Exercise prompt
Find the line containing "Painting by Numbers Pictures Ivy Gate". Retype it and every later line of the records exactly, leaving out pictures.
** Opening Input for this task block **
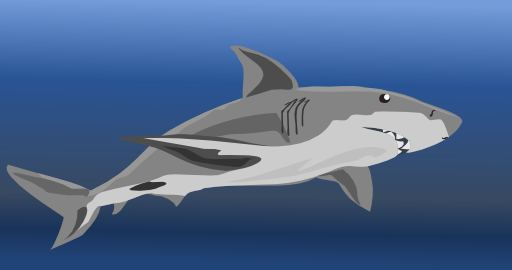 Shark Clipart I2clipart Royalty Free Public Domain Clipart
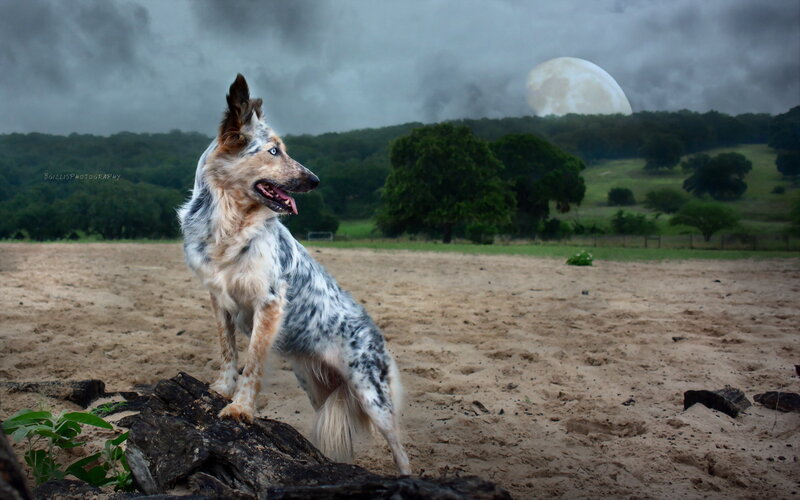 Blue Merle Dog on Rock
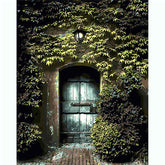 Painting by Numbers Pictures Ivy Gate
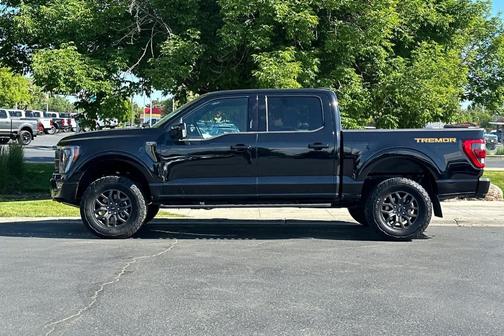 Agate Black Metallic 2023 Ford F-150 Tremor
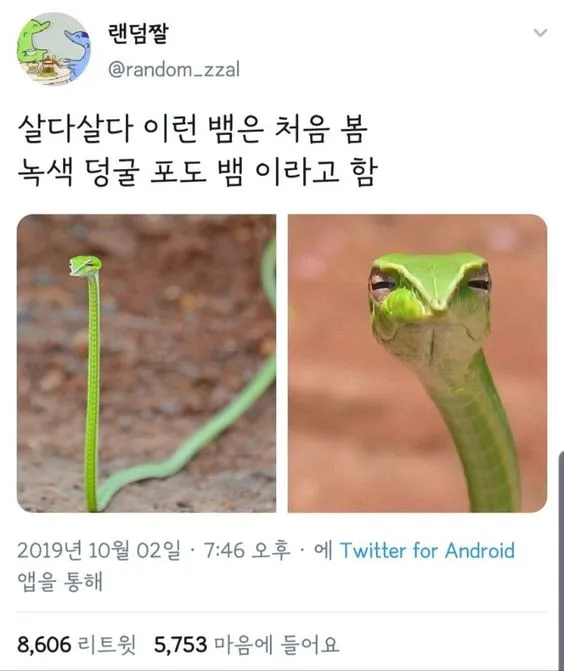 전혀 안무섭게 생겼다는 뱀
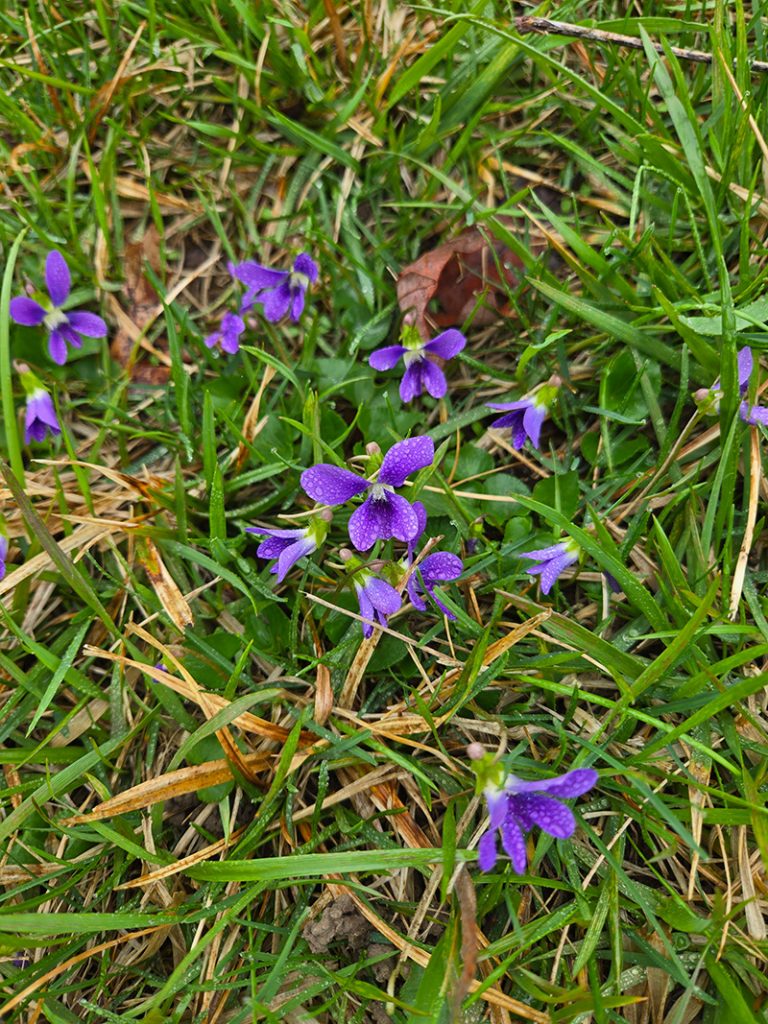 Small, low-growing violets are an excellent source of pollen and nectar for early emerging pollinators. They are a host plant for many Fritillary butterfly species. Photo by Katie Kammler.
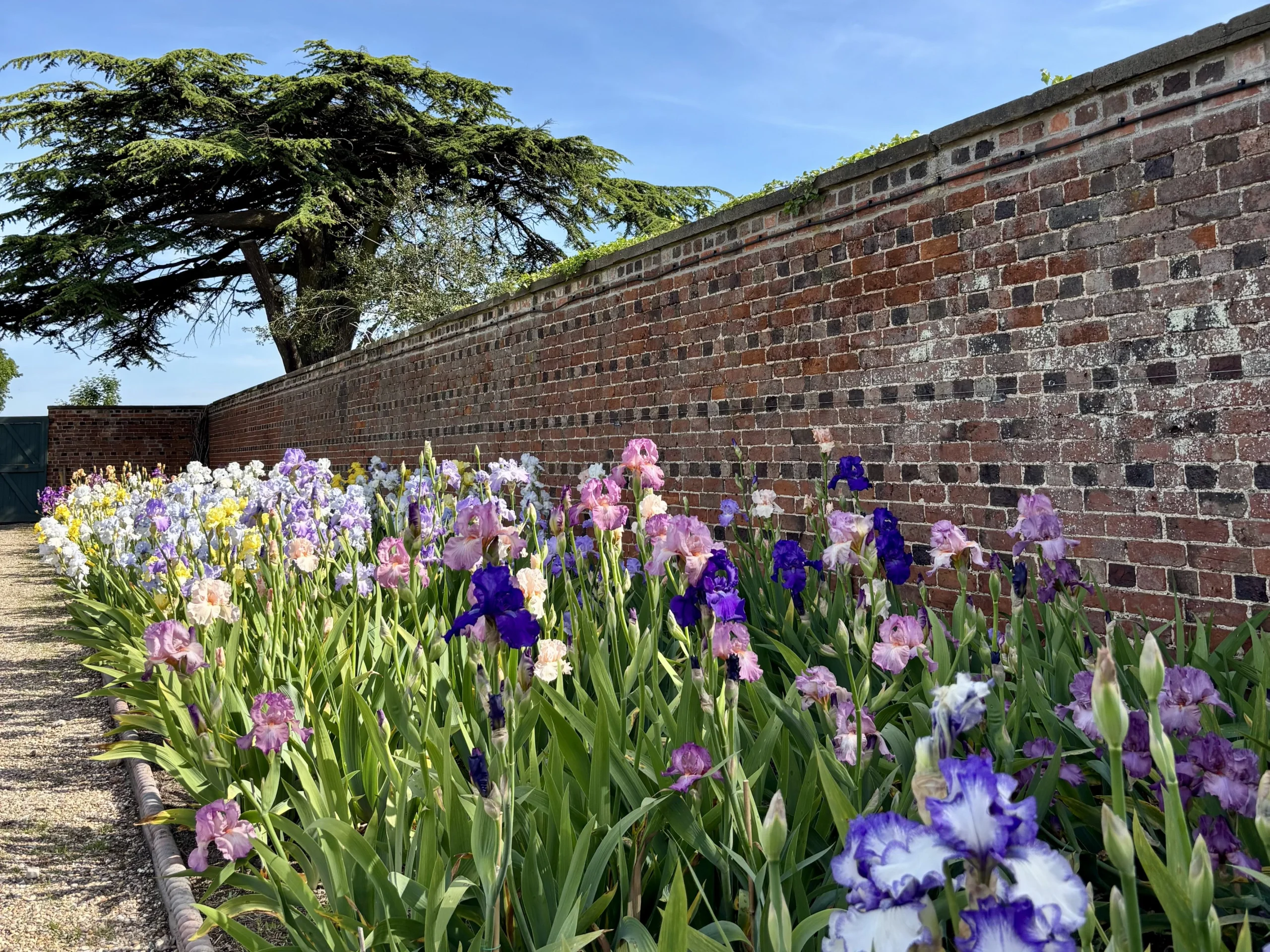 bearded irises at doddington hall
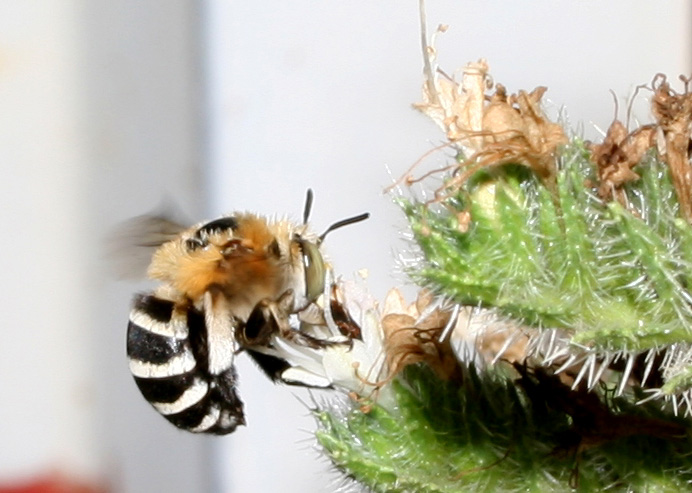 Amegila cfr. albigena  (Apidae Anthophorinae)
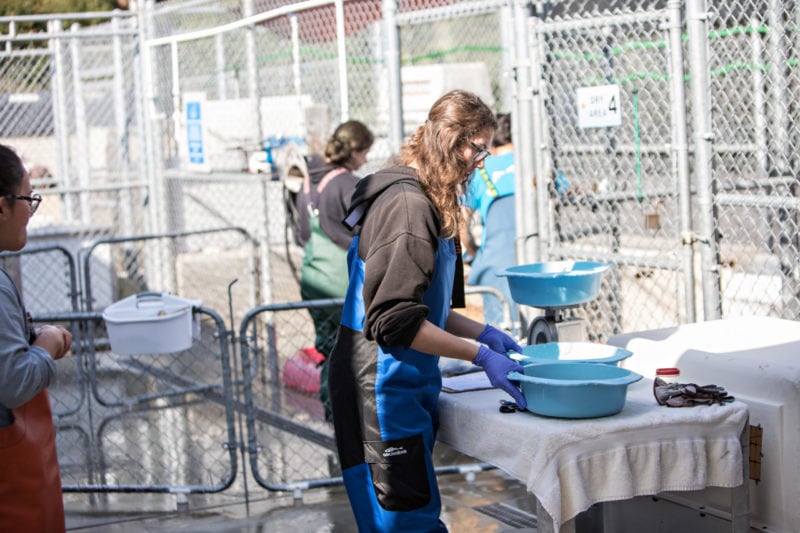 Volunteers prepare meals for the rehabilitating mammals. (photo John Mattera Photography)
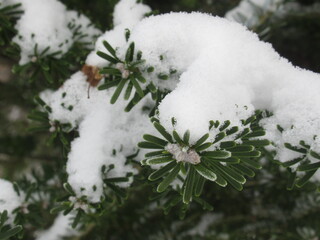 Zbliżenie na gałązki jodły pokryte śniegiem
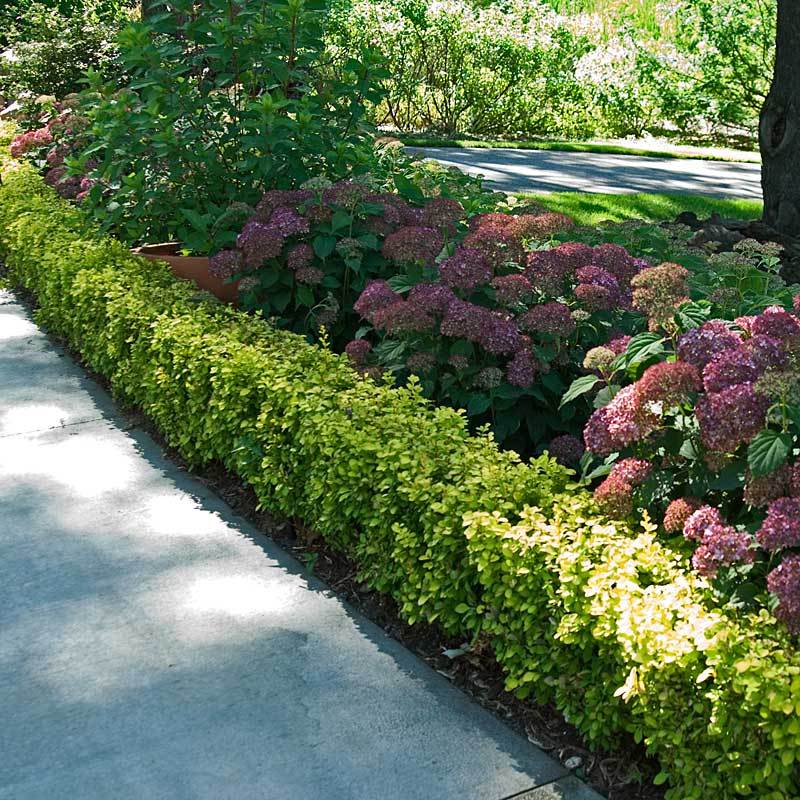 Sunjoy® Citrus Barberry (Berberis) - Image 5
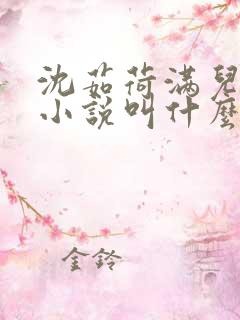 沈茹荷满儿原著小说叫什么名字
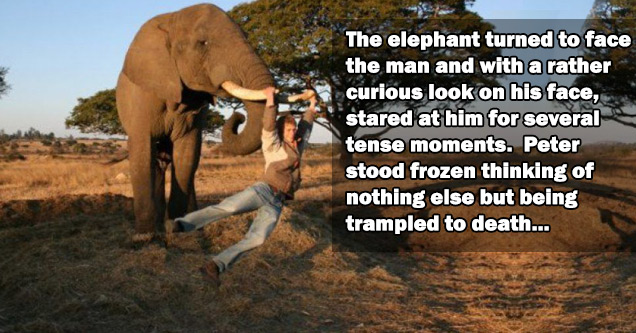 A Heartwarming Story Of A Man And An Elephant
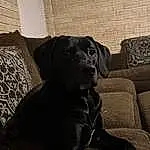 Dog, Dog breed, Grey, Carnivore, Working Animal, Fawn, Companion dog, Tints And Shades, Snout, Comfort, Wood, Whiskers, Retriever, Gun Dog, Liver, Art, Couch, Canidae, Furry friends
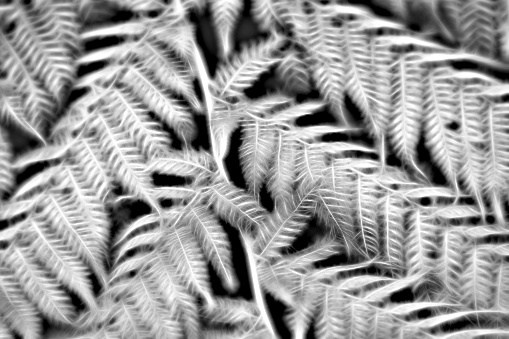 An abstract monochrome background of glowing fern fronds.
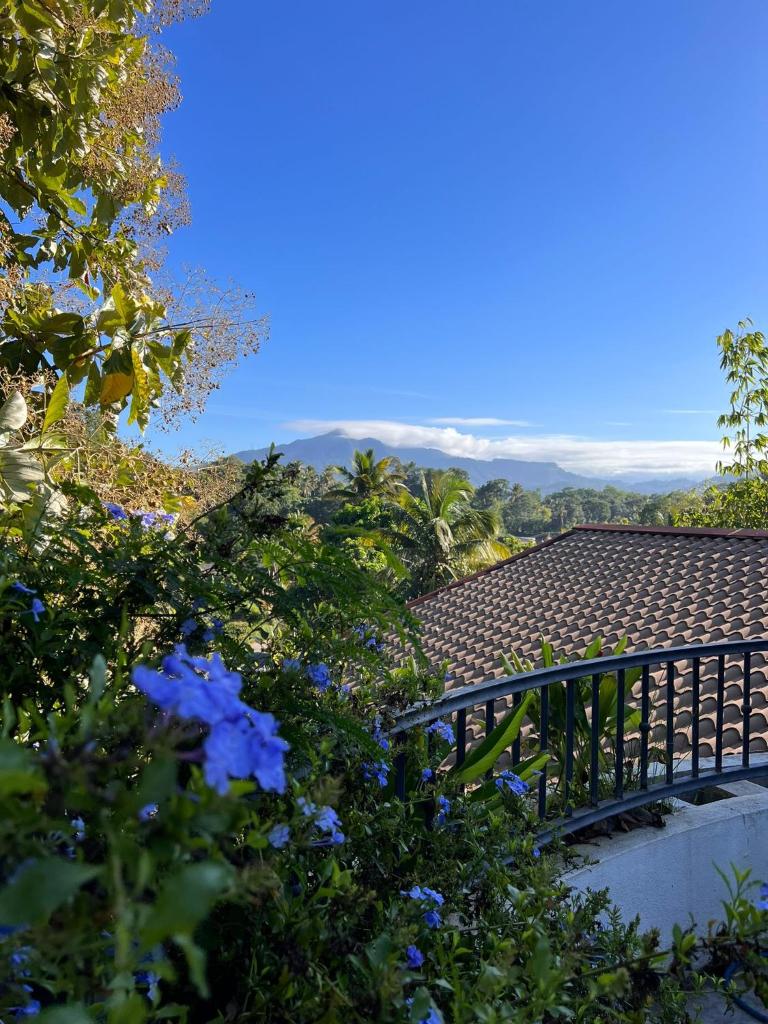 Dumbara Villa photo 1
** Closing Input for this task block **
The completed task
 Painting by Numbers Pictures Ivy Gate
 Agate Black Metallic 2023 Ford F-150 Tremor
 전혀 안무섭게 생겼다는 뱀
 Small, low-growing violets are an excellent source of pollen and nectar for early emerging pollinators. They are a host plant for many Fritillary butterfly species. Photo by Katie Kammler.
 bearded irises at doddington hall
 Amegila cfr. albigena  (Apidae Anthophorinae)
 Volunteers prepare meals for the rehabilitating mammals. (photo John Mattera Photography)
 Zbliżenie na gałązki jodły pokryte śniegiem
 Sunjoy® Citrus Barberry (Berberis) - Image 5
 沈茹荷满儿原著小说叫什么名字
 A Heartwarming Story Of A Man And An Elephant
 Dog, Dog breed, Grey, Carnivore, Working Animal, Fawn, Companion dog, Tints And Shades, Snout, Comfort, Wood, Whiskers, Retriever, Gun Dog, Liver, Art, Couch, Canidae, Furry friends
 An abstract monochrome background of glowing fern fronds.
 Dumbara Villa photo 1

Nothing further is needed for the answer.